CHARLES-AUGUSTE SAINTE-BEUVE
III.
LES VINGT DERNIERES ANNEES[1]


I

« Vous ne vous occupez pas de politique, monsieur ; je vous plains, car un jour la politique s’occupera de vous. » C’est en ces termes que M. Royer-Collard gourmandait l’indifférence de l’un de ses contemporains, et la moitié du siècle ne s’était pas écoulée que la vérité de cette prédiction était démontrée aux dépens de Sainte-Beuve. Il ne s’est point occupé de politique, mais la politique s’est occupée de lui, en ce sens qu’elle est venue à deux reprises modifier ses habitudes et disperser le milieu dans lequel il s’était accoutumé à vivre. C’est, à vrai dire, le sort commun dans une société aussi tourmentée que la nôtre, et le mieux est d’en prendre son parti plus philosophiquement que ne sut le faire Sainte-Beuve.
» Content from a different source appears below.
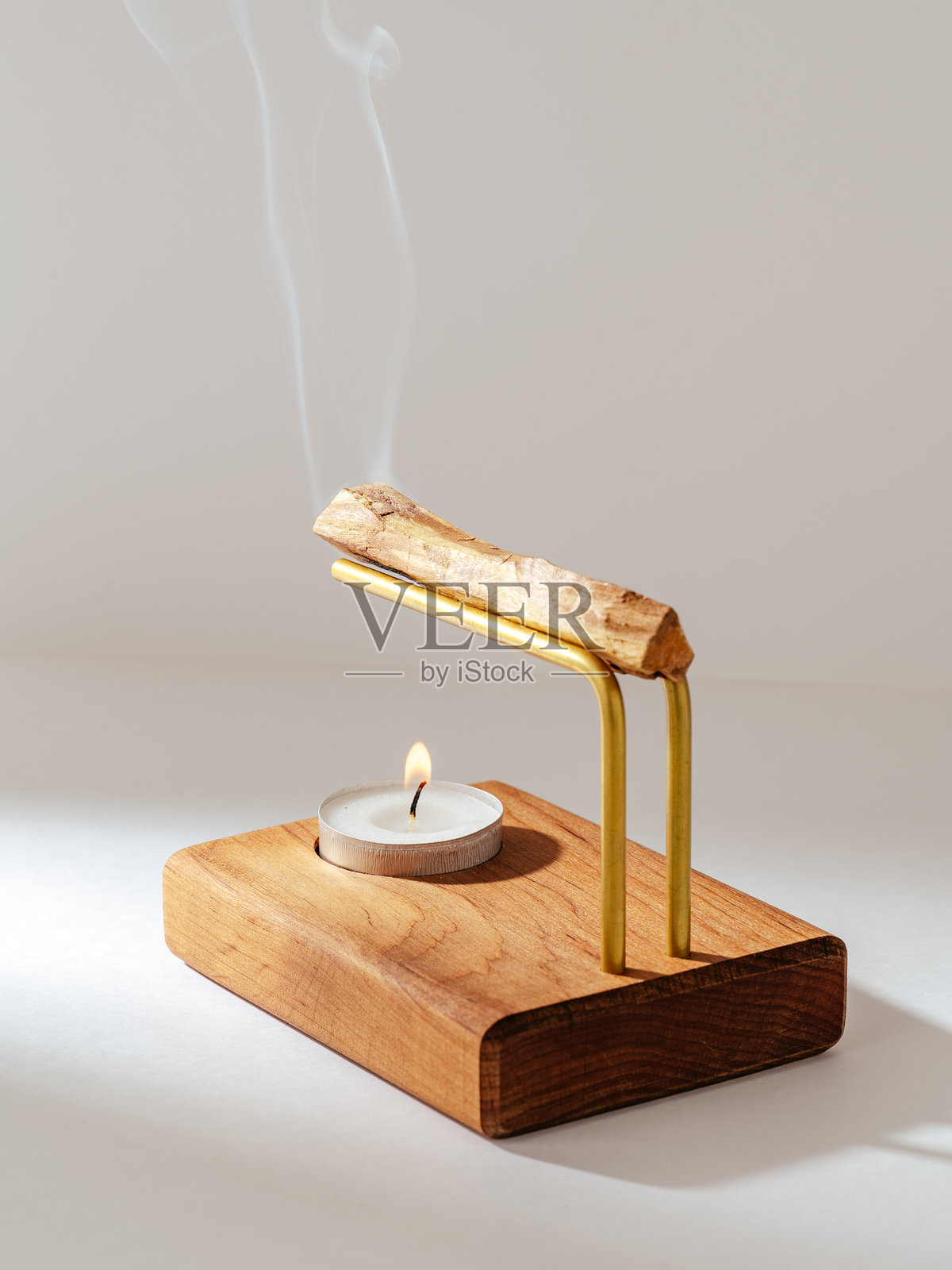 巴洛圣木木架。巴洛圣木香棒。照片摄影图片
La révolution de 1830 avait été saluée par lui avec enthousiasme ; mais ce fut avec des sentimens bien différens qu’il accueillit la révolution

  1. Voyez la Revue du 1er et du 15 janvier. — C’est par erreur que dans la seconde partie de cette étude j’ai cité comme inédits et de Sainte-Beuve même des vers qui en réalité sont de M. Emile Augier. Mon excuse est d’avoir entre les mains, le papier où ces vers sont écrits de la main d’une amie morte aujourd’hui, Mme d’Arbouville, et attribués par elle à Sainte-Beuve. Je n’ai pas tardé à être averti de ma méprise par ceux (et ils sont nombreux) qui ont conservé ces jolis vers dans leur mémoire depuis la première représentation de Gabrielle.